Luke’s Alpine Club: Tuna Tartare, Shrimp Cocktail and Steak Au poivre. For dessert you can't miss our Chocolate Chip Cookies with Stout Milkshake.

Sushi Kato INORI: Three-colour chirashi with sea urchin (uni), salmon roe (ikura), and crab (kani). Additionally, our guests' favourite dish is the sake-steamed crab.

Tempura Araki: My personal favourite would have to be the dessert featuring ice cream and sweet potato (satsumaimo) tempura. As for our signature dish, I'd say it's the kisu tempura, which is a type of whiting fish.

AFURI: I would recommend trying the Yuzu Shio Ramen if you're looking for something refreshing. Hazelnut Tantan Ramen is a good choice, if you want some new flavours, which might not be something common for ramen. Winged buta gyoza, Aburi koro chashu don are also good. 

What dining experience do you want to provide to guests? 

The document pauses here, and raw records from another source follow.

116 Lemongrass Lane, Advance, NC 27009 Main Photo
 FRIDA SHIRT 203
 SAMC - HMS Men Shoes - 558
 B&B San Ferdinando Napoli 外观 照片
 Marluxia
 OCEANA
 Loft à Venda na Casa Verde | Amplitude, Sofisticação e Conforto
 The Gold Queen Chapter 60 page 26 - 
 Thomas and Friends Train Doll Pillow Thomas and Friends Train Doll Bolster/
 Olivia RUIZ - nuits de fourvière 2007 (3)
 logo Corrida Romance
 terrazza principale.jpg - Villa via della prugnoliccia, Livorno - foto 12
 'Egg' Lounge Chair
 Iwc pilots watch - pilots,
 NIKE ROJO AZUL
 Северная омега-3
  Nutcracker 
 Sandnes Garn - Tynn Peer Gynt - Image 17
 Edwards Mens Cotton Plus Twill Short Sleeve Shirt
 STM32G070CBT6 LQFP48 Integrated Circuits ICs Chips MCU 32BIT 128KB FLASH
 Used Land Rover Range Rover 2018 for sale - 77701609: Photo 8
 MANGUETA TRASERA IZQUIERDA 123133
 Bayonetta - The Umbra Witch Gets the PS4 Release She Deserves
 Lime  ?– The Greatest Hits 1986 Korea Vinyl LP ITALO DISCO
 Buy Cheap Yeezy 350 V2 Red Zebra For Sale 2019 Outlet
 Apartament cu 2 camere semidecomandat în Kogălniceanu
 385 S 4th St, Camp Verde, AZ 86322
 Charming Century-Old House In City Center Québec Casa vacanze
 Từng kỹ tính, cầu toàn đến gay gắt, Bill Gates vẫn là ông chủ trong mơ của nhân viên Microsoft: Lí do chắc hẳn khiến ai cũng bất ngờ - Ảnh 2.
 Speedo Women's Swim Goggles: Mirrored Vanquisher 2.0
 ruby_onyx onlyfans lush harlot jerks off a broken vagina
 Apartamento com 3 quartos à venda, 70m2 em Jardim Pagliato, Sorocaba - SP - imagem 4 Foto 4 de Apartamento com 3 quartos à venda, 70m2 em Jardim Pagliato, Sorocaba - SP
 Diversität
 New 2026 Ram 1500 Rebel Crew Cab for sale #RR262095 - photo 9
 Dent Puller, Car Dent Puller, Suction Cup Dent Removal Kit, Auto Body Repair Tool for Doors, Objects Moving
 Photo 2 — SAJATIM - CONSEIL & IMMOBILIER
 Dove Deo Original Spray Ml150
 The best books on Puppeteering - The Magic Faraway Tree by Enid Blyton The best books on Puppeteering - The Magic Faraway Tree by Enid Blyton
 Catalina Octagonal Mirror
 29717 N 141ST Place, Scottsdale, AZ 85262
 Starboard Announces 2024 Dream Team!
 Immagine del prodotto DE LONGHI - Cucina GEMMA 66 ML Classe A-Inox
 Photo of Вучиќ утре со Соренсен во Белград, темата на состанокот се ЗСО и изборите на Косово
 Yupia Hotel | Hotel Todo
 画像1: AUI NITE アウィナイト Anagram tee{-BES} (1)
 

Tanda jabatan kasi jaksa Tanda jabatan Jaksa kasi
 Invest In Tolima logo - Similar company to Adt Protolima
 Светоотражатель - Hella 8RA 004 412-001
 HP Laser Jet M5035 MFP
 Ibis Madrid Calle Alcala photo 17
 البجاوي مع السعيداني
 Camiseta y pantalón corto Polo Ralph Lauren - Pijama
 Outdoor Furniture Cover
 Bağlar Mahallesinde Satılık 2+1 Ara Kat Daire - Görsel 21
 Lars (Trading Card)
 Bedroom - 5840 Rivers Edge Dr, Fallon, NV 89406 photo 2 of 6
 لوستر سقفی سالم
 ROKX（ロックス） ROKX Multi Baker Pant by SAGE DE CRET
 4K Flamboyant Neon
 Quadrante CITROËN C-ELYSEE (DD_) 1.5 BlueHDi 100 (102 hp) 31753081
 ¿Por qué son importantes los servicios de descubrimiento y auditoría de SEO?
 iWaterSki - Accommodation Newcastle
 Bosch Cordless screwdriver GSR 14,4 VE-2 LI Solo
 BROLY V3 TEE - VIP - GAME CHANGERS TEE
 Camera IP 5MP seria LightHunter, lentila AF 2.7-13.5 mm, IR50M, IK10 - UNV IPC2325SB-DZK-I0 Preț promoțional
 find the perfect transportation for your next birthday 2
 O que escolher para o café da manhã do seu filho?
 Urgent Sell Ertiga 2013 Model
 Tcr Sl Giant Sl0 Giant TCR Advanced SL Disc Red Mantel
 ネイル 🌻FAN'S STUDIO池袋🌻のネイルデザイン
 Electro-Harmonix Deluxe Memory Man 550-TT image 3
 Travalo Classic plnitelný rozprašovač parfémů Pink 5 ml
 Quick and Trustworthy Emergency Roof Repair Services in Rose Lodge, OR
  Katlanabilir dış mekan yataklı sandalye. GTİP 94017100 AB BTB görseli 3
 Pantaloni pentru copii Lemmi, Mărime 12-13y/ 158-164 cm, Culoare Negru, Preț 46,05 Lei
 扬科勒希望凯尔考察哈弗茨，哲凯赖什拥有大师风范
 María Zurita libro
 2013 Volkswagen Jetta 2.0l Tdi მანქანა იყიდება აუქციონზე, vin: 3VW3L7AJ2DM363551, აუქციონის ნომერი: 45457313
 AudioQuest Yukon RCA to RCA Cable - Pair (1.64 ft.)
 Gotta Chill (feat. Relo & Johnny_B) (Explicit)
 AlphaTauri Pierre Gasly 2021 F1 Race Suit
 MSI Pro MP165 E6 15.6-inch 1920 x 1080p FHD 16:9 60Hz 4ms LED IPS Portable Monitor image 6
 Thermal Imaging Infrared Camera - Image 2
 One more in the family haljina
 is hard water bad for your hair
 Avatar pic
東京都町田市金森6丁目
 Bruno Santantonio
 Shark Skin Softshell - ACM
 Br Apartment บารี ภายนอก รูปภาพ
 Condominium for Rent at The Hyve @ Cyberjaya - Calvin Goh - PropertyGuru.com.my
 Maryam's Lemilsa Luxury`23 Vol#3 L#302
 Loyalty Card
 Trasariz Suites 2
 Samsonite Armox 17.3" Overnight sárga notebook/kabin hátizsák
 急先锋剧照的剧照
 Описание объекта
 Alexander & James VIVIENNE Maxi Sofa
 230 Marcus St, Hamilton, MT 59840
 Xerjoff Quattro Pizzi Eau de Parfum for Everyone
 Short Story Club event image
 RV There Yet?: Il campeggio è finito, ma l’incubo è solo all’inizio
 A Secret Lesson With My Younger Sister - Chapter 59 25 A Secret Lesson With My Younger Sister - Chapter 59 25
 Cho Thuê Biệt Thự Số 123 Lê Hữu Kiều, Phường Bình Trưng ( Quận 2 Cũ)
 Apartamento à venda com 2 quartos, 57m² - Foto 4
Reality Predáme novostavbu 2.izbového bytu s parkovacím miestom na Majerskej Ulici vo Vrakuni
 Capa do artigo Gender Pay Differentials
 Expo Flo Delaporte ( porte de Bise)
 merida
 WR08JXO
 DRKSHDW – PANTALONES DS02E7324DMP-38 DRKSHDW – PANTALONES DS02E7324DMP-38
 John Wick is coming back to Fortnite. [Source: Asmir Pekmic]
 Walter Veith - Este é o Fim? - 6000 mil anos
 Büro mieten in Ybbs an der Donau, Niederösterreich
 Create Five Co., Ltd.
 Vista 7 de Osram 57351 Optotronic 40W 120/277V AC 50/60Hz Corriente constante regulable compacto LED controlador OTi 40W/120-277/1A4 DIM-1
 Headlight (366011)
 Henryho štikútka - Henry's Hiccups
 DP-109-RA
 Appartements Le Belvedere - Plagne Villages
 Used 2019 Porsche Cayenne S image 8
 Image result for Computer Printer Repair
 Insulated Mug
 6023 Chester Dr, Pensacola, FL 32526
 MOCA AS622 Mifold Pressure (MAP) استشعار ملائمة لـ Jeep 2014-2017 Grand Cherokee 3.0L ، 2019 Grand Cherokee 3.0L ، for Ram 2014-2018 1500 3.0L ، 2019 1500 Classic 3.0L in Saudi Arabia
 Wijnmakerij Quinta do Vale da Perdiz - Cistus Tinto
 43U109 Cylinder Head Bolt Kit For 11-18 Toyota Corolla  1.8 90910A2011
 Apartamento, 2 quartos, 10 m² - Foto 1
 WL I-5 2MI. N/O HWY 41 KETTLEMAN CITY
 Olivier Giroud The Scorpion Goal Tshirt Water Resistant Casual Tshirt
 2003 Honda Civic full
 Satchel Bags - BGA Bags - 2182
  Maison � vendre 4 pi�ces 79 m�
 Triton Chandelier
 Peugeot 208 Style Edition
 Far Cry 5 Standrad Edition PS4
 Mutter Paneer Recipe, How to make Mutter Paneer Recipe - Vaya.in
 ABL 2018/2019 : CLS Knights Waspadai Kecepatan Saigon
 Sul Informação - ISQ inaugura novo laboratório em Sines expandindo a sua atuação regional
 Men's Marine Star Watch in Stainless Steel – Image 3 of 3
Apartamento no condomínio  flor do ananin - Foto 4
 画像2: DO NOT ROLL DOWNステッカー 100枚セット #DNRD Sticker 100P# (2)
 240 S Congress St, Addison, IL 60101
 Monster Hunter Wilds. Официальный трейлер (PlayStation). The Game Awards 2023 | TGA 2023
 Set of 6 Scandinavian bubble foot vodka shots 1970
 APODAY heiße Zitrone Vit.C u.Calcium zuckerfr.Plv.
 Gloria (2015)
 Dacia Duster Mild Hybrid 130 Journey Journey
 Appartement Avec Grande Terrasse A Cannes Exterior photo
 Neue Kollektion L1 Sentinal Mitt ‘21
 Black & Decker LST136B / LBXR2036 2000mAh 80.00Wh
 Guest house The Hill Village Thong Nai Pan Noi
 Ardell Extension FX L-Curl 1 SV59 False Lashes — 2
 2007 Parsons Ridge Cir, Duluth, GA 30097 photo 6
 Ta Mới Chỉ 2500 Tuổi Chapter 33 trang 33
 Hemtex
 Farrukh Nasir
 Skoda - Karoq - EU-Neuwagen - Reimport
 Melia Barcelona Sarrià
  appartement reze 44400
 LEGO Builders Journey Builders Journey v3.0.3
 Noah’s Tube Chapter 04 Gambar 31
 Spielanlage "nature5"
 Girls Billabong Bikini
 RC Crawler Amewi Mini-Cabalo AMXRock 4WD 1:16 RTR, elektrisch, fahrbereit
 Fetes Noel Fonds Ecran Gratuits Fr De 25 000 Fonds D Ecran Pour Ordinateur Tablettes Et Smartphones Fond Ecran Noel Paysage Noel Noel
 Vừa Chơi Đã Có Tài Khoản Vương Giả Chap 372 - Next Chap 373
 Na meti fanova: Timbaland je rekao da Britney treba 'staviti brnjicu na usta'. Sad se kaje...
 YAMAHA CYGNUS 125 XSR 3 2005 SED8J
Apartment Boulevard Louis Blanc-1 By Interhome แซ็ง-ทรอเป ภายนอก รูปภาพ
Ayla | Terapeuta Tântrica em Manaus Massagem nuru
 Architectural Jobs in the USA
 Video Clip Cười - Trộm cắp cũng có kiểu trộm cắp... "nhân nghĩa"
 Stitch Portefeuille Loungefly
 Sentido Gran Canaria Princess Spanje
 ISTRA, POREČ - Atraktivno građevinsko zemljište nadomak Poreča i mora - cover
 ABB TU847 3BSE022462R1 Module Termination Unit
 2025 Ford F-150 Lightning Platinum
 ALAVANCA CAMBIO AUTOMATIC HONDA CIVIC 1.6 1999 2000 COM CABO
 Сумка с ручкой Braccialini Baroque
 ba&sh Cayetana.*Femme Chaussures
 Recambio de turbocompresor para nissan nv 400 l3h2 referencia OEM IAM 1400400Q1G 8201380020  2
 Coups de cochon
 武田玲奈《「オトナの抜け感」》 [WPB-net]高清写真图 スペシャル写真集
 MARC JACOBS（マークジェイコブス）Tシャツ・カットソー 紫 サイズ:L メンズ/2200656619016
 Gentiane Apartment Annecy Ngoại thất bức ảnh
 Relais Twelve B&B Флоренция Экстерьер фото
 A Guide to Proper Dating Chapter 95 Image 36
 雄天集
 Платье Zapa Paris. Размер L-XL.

méli mélo -Yuki No Koe-: Our dishes are crafted to reflect the current season, and we plan to introduce seasonal specials throughout the year.

Luke’s Alpine Club: We really want Luke’s Alpine Club to be a place of comfort and conviviality. A place that people will want to come back to a few times during their stay. While my cooking will always be influenced by my American sensibilities, certainly, we also want to showcase the quality of produce available in Hokkaido in the most natural way possible.

Sushi Kato INORI: We strive to prepare Hokkaido ingredients simply, with a focus on bringing out their natural flavours. We hope you can enjoy the true taste of the ingredients.

Tempura Araki: Guests can enjoy watching the tempura being fried right in front of them while savouring all the freshly cooked dishes.

AFURI: We are very particular about our ramen. We take great care in every aspect of our ramen. What ingredients go into it, how it is prepared, and also how it is served. We want our guests to enjoy the experience of live cooking in our open kitchen and savour special cocktails that you can only find here. We aim to fill not just your stomach but also your heart with this unique experience.

What are you looking forward to the most this coming winter? 

All: We look forward to welcoming all our guests to our restaurants and providing them with an exceptional dining experience.